Consumers really were checking out new and interesting foods during the time they spent at home. The New York City-based Specialty Food Association (SFA) is out with its annual report, showing retail sales of specialty foods spiked 24% from 2018 to 2020 and 19.4% during 2020 alone. The specialty food market is estimated at $170.4 billion, a new high.
In its report, “The State of the Specialty Food Industry: 2021-22 Edition,” SFA concluded that the higher sales reflected the pandemic’s impact on purchasing trends and food preparation and consumption. Moreover, while it will take years for the restaurant industry to rebound, the report predicts that retail performance is likely to remain strong.
Trend watchers can take note of the fastest growing categories, led by seasonings and followed by shelf-stable sauces, pasta and pizza; beans, grains, rice; fruit; frozen fruit and vegetables; refrigerated creams and creamers; refrigerated plant-based meat alternatives; refrigerated pasta, ready-to-drink tea and coffee; tofu; and shelf stable creams and creamers.
Traditional categories are still raking in the most retail sales, including meat, poultry and seafood; cheese; chips, pretzels and snacks; bread and baked goods; coffee and hot cocoa; desserts; refrigerated and frozen entrees; chocolate; and condiments, dressings and marinades.

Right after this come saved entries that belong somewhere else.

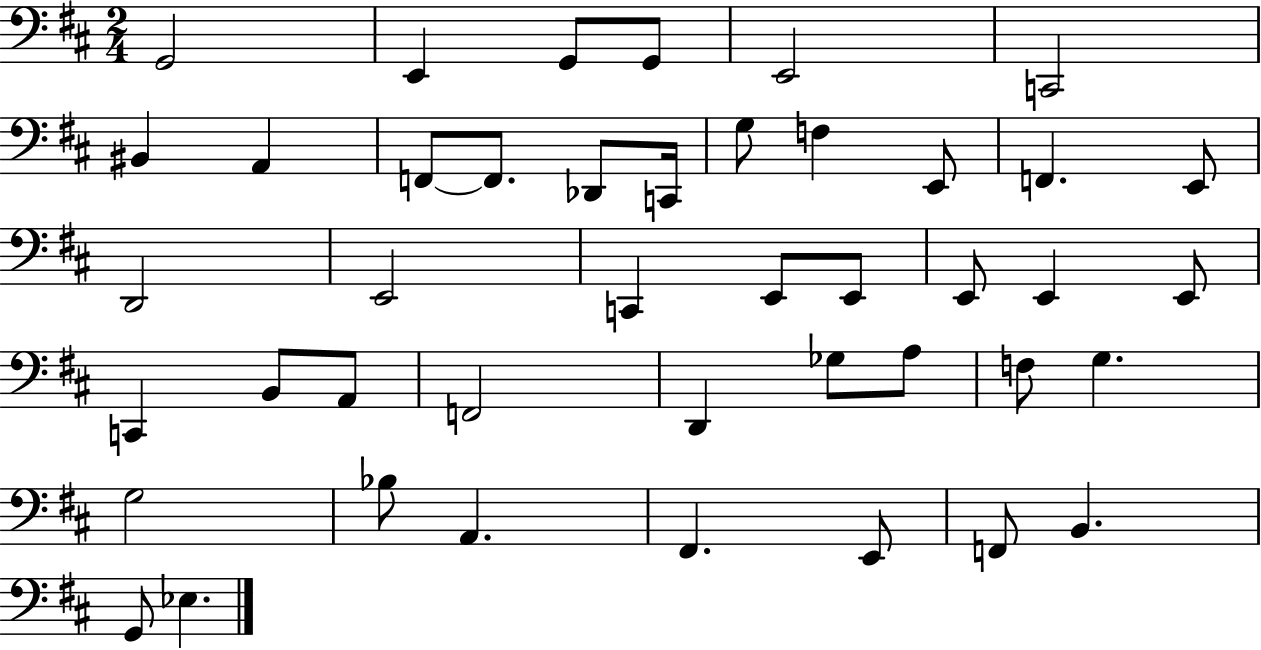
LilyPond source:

{
  \clef bass
  \numericTimeSignature
  \time 2/4
  \key d \major
  g,2 | e,4 g,8 g,8 | e,2 | c,2 | \break bis,4 a,4 | f,8~~ f,8. des,8 c,16 | g8 f4 e,8 | f,4. e,8 | \break d,2 | e,2 | c,4 e,8 e,8 | e,8 e,4 e,8 | \break c,4 b,8 a,8 | f,2 | d,4 ges8 a8 | f8 g4. | \break g2 | bes8 a,4. | fis,4. e,8 | f,8 b,4. | \break g,8 ees4. | \bar "|."
} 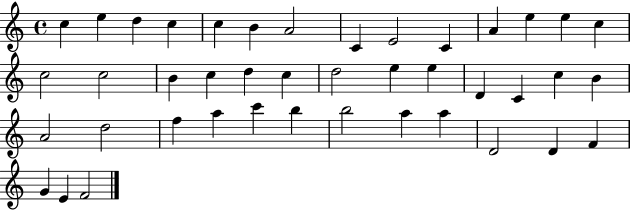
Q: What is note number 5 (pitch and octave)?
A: C5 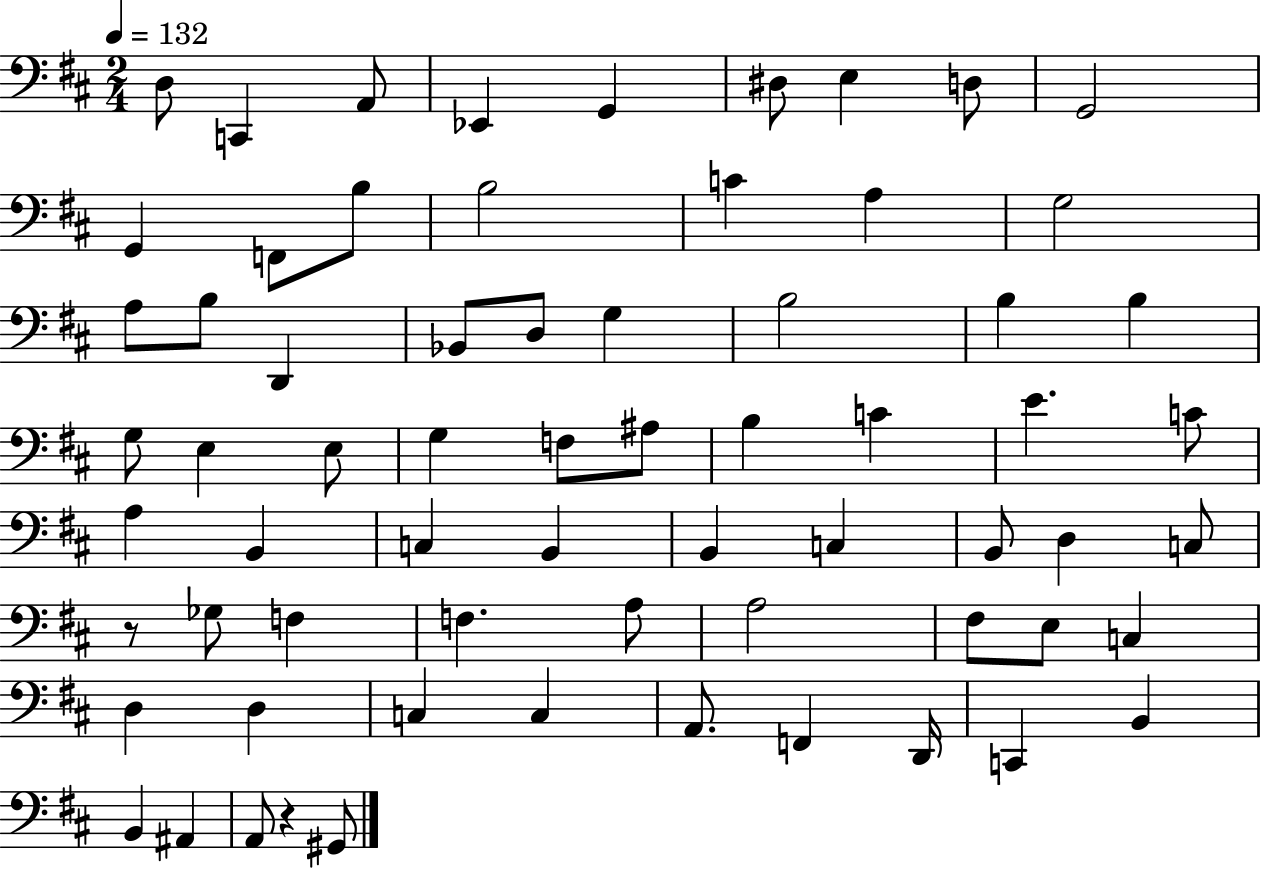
{
  \clef bass
  \numericTimeSignature
  \time 2/4
  \key d \major
  \tempo 4 = 132
  \repeat volta 2 { d8 c,4 a,8 | ees,4 g,4 | dis8 e4 d8 | g,2 | \break g,4 f,8 b8 | b2 | c'4 a4 | g2 | \break a8 b8 d,4 | bes,8 d8 g4 | b2 | b4 b4 | \break g8 e4 e8 | g4 f8 ais8 | b4 c'4 | e'4. c'8 | \break a4 b,4 | c4 b,4 | b,4 c4 | b,8 d4 c8 | \break r8 ges8 f4 | f4. a8 | a2 | fis8 e8 c4 | \break d4 d4 | c4 c4 | a,8. f,4 d,16 | c,4 b,4 | \break b,4 ais,4 | a,8 r4 gis,8 | } \bar "|."
} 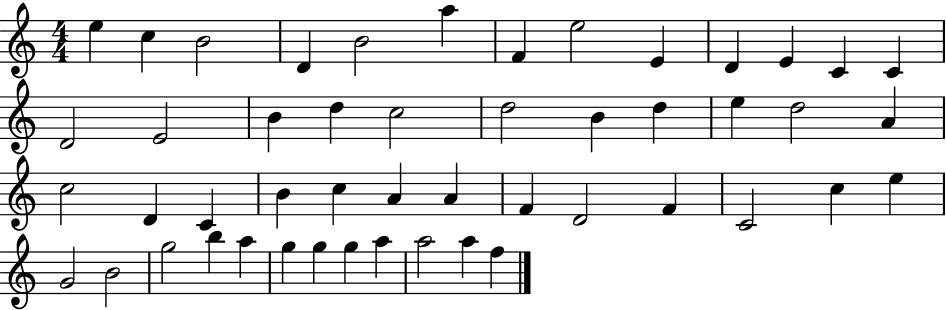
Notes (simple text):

E5/q C5/q B4/h D4/q B4/h A5/q F4/q E5/h E4/q D4/q E4/q C4/q C4/q D4/h E4/h B4/q D5/q C5/h D5/h B4/q D5/q E5/q D5/h A4/q C5/h D4/q C4/q B4/q C5/q A4/q A4/q F4/q D4/h F4/q C4/h C5/q E5/q G4/h B4/h G5/h B5/q A5/q G5/q G5/q G5/q A5/q A5/h A5/q F5/q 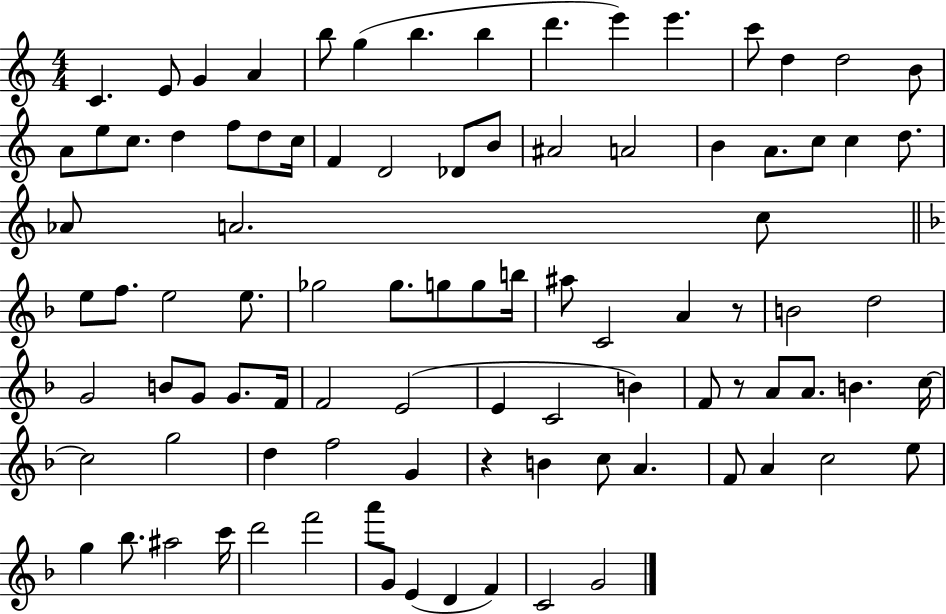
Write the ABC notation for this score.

X:1
T:Untitled
M:4/4
L:1/4
K:C
C E/2 G A b/2 g b b d' e' e' c'/2 d d2 B/2 A/2 e/2 c/2 d f/2 d/2 c/4 F D2 _D/2 B/2 ^A2 A2 B A/2 c/2 c d/2 _A/2 A2 c/2 e/2 f/2 e2 e/2 _g2 _g/2 g/2 g/2 b/4 ^a/2 C2 A z/2 B2 d2 G2 B/2 G/2 G/2 F/4 F2 E2 E C2 B F/2 z/2 A/2 A/2 B c/4 c2 g2 d f2 G z B c/2 A F/2 A c2 e/2 g _b/2 ^a2 c'/4 d'2 f'2 a'/2 G/2 E D F C2 G2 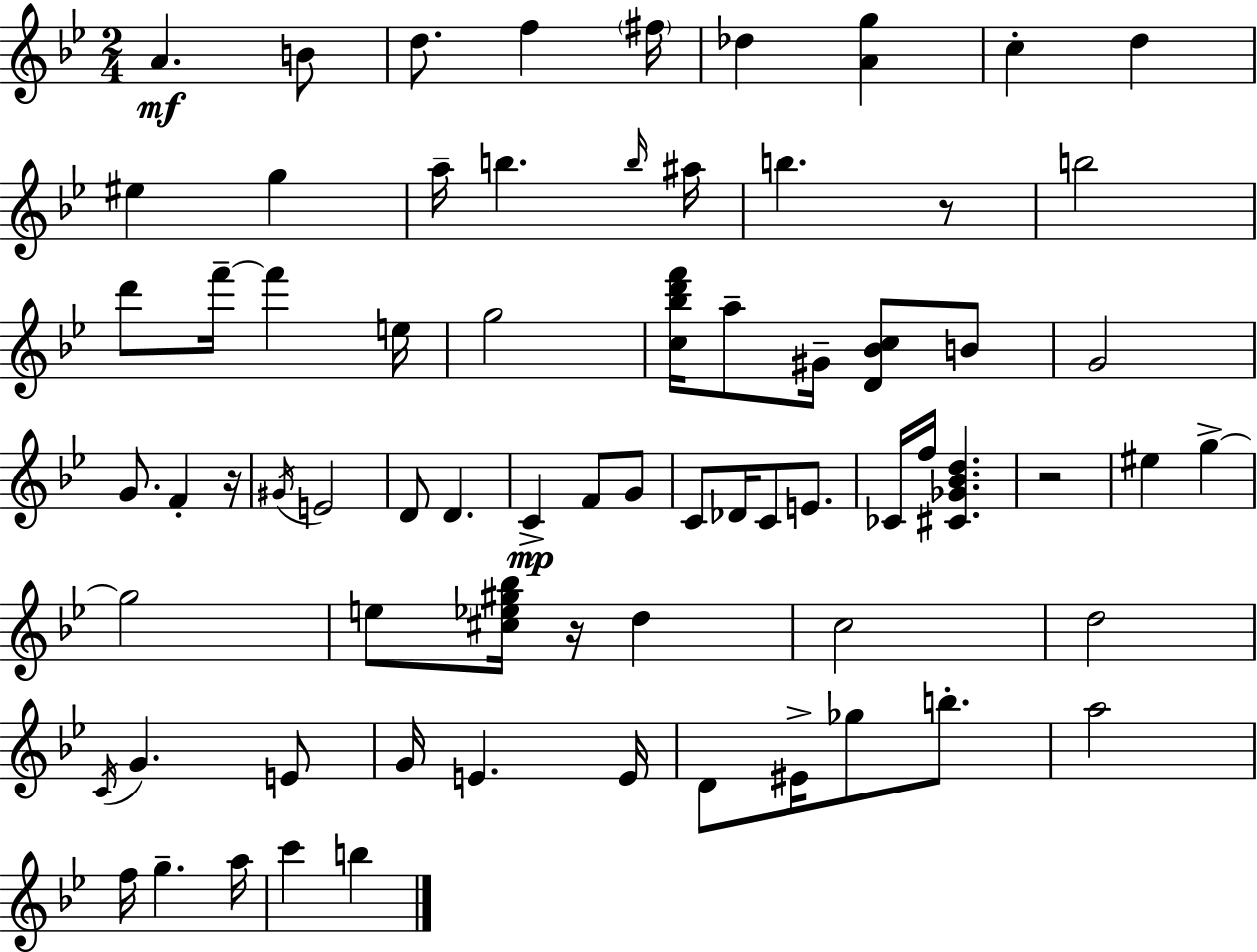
{
  \clef treble
  \numericTimeSignature
  \time 2/4
  \key g \minor
  \repeat volta 2 { a'4.\mf b'8 | d''8. f''4 \parenthesize fis''16 | des''4 <a' g''>4 | c''4-. d''4 | \break eis''4 g''4 | a''16-- b''4. \grace { b''16 } | ais''16 b''4. r8 | b''2 | \break d'''8 f'''16--~~ f'''4 | e''16 g''2 | <c'' bes'' d''' f'''>16 a''8-- gis'16-- <d' bes' c''>8 b'8 | g'2 | \break g'8. f'4-. | r16 \acciaccatura { gis'16 } e'2 | d'8 d'4. | c'4->\mp f'8 | \break g'8 c'8 des'16 c'8 e'8. | ces'16 f''16 <cis' ges' bes' d''>4. | r2 | eis''4 g''4->~~ | \break g''2 | e''8 <cis'' ees'' gis'' bes''>16 r16 d''4 | c''2 | d''2 | \break \acciaccatura { c'16 } g'4. | e'8 g'16 e'4. | e'16 d'8 eis'16-> ges''8 | b''8.-. a''2 | \break f''16 g''4.-- | a''16 c'''4 b''4 | } \bar "|."
} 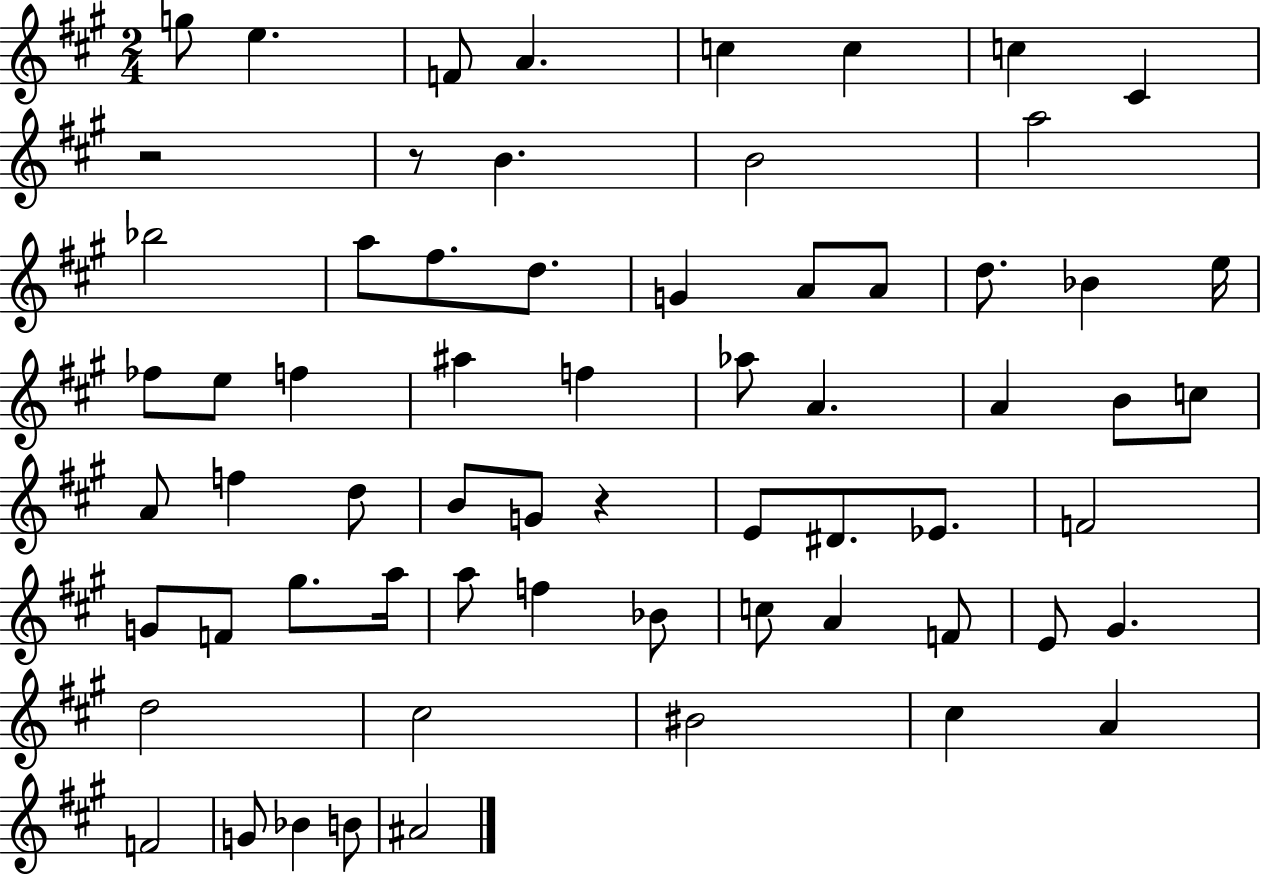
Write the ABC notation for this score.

X:1
T:Untitled
M:2/4
L:1/4
K:A
g/2 e F/2 A c c c ^C z2 z/2 B B2 a2 _b2 a/2 ^f/2 d/2 G A/2 A/2 d/2 _B e/4 _f/2 e/2 f ^a f _a/2 A A B/2 c/2 A/2 f d/2 B/2 G/2 z E/2 ^D/2 _E/2 F2 G/2 F/2 ^g/2 a/4 a/2 f _B/2 c/2 A F/2 E/2 ^G d2 ^c2 ^B2 ^c A F2 G/2 _B B/2 ^A2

SFA’s findings reinforce other commonly-held notions about shifting consumer behaviors, including the rise of plant-based specialty foods, momentum in e-commerce and omnichannel platforms and the rebirth of the center store.
"The ripple across all channels of the specialty food industry has been tremendous," said SFA President Bill Lynch. "We've seen businesses flex their creativity in ways they never could have imagined, from restaurants becoming pop-up specialty food grocers to makers increasing production to meet consumer demand. Despite these historic challenges, the industry has continued to innovate and grow, as outlined in our annual research."
SFA’s experts will discuss the report in detail during a webinar on June 24.